══ Available data ══

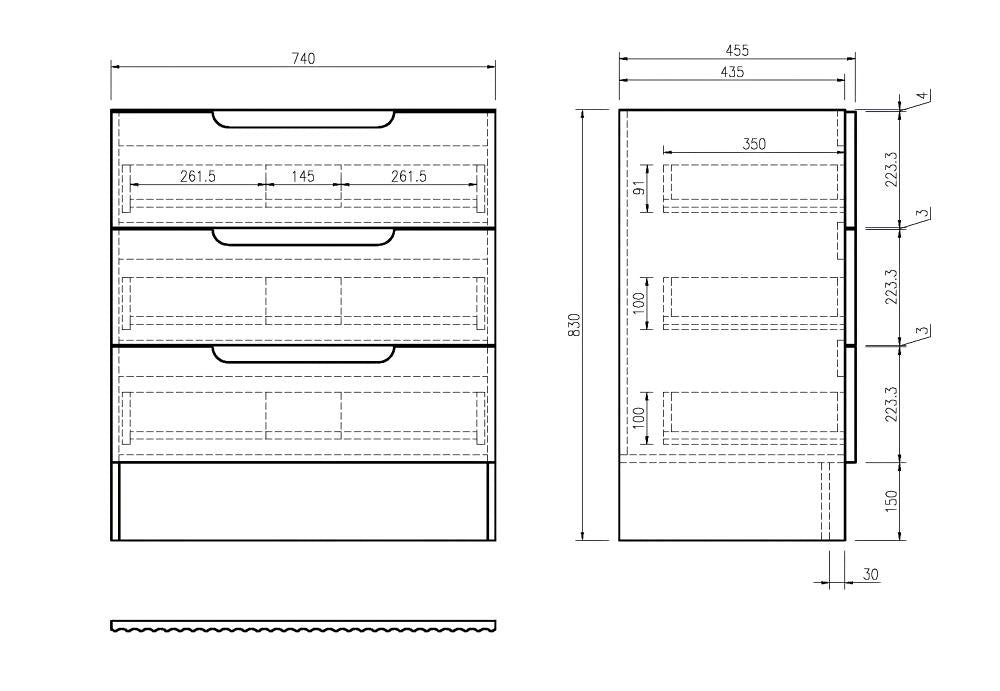 Mercio RHEA Natural Oak Fluted Freestanding Vanity with Kickboard | 600–1200mm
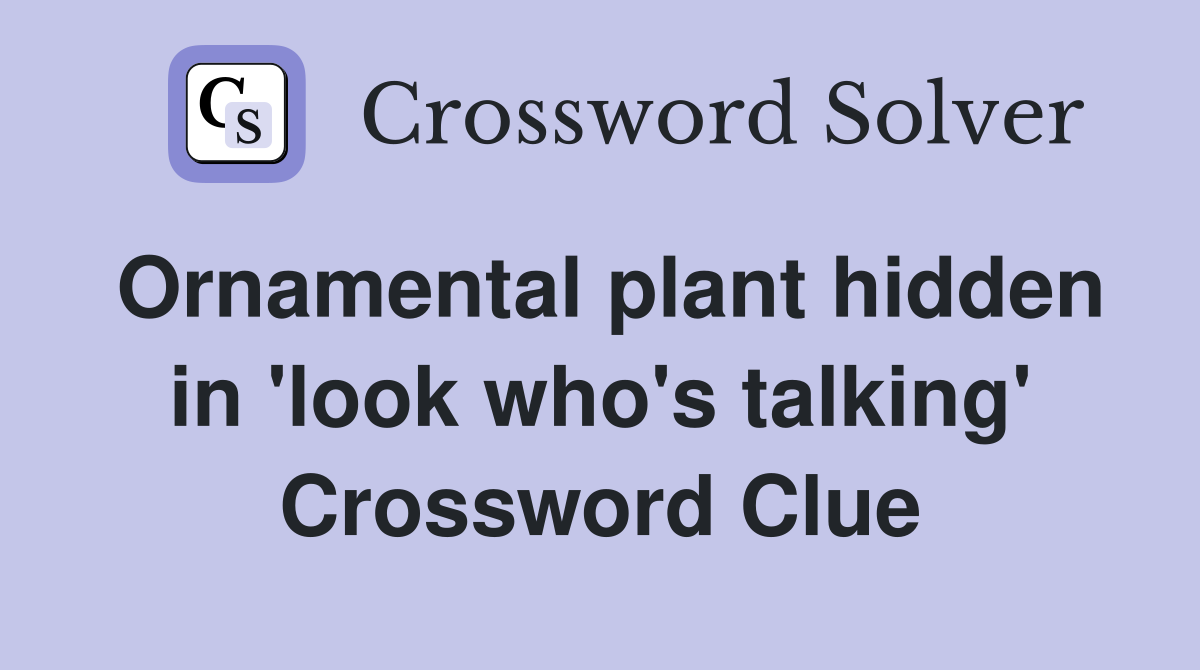 Ornamental plant hidden in 'look who's talking' Crossword Clue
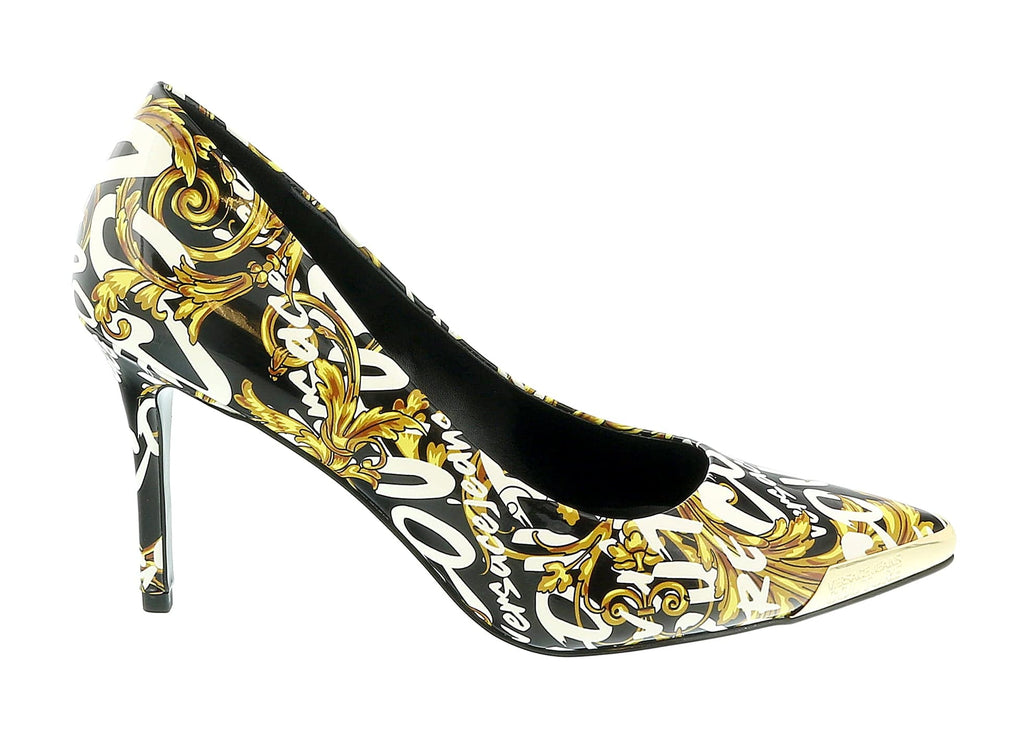 Versace Jeans Couture Black Gold Baroque Print Cap Toe Pump-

═══

*Work required*
Repeat word for word only the lines from the line holding "Ornamental plant hidden" to the final line of the material, both included. Don't carry over any picture.

*Task response*
 Ornamental plant hidden in 'look who's talking' Crossword Clue
 Versace Jeans Couture Black Gold Baroque Print Cap Toe Pump-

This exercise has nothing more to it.